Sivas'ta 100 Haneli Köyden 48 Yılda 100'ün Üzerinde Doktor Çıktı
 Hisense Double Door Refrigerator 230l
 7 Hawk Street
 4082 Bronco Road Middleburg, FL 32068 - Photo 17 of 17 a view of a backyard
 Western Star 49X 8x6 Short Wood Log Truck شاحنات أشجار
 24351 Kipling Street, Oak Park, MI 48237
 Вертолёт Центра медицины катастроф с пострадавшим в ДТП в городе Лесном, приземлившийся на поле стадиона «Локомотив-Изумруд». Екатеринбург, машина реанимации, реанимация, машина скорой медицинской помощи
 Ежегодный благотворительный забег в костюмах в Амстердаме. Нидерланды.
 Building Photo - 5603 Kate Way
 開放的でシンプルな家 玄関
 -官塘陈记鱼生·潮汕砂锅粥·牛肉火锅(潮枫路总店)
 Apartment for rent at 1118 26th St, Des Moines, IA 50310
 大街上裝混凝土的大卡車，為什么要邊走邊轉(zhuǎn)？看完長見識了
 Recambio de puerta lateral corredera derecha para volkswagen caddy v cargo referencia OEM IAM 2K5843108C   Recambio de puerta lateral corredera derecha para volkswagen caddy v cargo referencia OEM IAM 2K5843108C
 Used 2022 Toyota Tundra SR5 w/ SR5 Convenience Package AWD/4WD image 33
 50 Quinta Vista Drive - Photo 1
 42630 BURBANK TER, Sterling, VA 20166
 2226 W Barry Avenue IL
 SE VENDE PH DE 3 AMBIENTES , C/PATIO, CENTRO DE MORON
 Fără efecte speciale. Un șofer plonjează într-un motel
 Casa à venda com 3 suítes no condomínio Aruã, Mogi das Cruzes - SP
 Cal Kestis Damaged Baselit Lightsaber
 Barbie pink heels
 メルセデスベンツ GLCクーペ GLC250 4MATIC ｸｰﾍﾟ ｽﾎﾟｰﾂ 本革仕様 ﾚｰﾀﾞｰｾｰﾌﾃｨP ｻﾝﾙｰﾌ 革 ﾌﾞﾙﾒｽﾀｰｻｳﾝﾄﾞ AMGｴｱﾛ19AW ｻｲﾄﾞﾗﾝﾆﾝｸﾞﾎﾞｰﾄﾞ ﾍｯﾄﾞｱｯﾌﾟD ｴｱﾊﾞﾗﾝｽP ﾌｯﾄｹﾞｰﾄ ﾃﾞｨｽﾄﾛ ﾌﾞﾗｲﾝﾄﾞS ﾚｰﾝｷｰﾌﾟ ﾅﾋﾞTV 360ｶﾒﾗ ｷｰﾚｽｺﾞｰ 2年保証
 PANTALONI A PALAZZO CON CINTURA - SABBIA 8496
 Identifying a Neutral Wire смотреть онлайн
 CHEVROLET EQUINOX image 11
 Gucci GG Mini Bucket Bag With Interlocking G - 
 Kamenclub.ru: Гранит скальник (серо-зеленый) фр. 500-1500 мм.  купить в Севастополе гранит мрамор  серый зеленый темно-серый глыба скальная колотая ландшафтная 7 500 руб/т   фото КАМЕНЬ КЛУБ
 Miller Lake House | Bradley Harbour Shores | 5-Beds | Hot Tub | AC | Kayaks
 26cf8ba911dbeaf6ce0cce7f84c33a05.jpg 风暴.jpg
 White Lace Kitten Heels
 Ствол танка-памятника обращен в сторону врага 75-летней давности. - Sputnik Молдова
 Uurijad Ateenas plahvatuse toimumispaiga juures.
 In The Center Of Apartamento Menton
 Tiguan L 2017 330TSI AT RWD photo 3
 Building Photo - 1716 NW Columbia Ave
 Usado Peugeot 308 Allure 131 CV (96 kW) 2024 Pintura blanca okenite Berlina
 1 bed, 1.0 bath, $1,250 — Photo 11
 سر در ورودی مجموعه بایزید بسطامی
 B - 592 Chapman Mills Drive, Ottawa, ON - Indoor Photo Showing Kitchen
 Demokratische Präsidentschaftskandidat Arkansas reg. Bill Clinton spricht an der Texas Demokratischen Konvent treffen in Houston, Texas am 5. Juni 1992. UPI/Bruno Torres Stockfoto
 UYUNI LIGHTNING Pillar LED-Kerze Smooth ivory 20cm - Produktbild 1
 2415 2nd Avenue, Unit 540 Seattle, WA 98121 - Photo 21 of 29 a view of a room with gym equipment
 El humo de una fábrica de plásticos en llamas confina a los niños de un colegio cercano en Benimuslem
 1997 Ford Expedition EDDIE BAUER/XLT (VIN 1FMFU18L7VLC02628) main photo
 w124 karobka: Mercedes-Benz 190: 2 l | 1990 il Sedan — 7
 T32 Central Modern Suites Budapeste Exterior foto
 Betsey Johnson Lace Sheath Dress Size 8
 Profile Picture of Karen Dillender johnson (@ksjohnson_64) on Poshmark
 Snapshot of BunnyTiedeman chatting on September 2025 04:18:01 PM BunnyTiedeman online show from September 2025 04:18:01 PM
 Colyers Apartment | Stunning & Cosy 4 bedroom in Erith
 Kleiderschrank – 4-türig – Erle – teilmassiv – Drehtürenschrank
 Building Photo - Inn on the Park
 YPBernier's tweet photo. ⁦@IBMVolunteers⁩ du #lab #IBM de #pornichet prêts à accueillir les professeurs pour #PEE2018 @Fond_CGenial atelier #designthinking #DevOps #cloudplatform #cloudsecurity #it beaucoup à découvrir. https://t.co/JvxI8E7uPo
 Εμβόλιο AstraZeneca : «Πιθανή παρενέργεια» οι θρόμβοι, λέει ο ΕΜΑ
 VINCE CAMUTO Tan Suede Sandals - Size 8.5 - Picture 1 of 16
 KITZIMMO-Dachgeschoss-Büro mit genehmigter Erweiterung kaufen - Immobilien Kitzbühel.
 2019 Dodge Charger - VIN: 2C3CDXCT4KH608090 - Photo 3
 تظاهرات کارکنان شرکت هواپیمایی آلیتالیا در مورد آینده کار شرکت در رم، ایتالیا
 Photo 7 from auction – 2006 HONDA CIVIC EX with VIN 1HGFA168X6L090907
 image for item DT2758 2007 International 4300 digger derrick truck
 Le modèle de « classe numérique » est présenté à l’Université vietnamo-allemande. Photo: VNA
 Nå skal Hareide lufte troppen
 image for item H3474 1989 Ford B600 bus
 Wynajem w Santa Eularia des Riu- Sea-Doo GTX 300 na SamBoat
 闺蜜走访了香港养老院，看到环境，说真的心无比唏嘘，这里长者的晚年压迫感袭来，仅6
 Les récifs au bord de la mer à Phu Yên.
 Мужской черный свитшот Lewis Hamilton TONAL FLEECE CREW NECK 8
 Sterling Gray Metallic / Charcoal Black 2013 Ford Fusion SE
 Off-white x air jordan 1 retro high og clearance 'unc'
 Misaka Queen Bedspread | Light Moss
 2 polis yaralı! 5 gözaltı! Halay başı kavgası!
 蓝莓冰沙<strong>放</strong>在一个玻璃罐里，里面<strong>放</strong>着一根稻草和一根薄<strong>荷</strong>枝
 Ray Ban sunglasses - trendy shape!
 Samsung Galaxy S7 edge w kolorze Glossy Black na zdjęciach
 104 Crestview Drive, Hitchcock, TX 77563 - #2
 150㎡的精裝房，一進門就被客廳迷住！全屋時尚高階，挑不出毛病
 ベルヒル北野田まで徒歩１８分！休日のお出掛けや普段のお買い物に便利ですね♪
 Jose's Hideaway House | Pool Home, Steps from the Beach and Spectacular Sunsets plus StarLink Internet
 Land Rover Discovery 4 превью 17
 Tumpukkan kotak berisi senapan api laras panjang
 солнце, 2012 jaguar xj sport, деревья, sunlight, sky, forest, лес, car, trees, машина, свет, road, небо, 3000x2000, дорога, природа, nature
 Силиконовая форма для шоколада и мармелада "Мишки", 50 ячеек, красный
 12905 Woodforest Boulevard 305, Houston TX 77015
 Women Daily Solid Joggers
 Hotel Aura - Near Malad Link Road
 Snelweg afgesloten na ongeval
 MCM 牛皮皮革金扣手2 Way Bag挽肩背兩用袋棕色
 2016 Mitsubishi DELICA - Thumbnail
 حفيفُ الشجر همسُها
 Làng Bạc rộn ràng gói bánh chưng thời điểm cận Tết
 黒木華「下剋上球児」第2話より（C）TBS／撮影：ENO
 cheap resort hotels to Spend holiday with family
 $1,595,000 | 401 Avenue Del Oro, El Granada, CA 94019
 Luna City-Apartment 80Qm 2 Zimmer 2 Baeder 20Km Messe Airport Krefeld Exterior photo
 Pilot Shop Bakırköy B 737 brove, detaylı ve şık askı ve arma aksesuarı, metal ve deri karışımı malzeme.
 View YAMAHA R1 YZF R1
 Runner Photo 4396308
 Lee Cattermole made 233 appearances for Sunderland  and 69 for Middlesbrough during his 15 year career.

┄┄┄┄┄┄

Your task >>
Among the entries above, find the line with "12905 Woodforest Boulevard" and the line with "黒木華「下剋上球児」第2話より（C）TBS／撮影：ENO"; give again exactly these two lines and all lines between them.

Your response >>
 12905 Woodforest Boulevard 305, Houston TX 77015
 Women Daily Solid Joggers
 Hotel Aura - Near Malad Link Road
 Snelweg afgesloten na ongeval
 MCM 牛皮皮革金扣手2 Way Bag挽肩背兩用袋棕色
 2016 Mitsubishi DELICA - Thumbnail
 حفيفُ الشجر همسُها
 Làng Bạc rộn ràng gói bánh chưng thời điểm cận Tết
 黒木華「下剋上球児」第2話より（C）TBS／撮影：ENO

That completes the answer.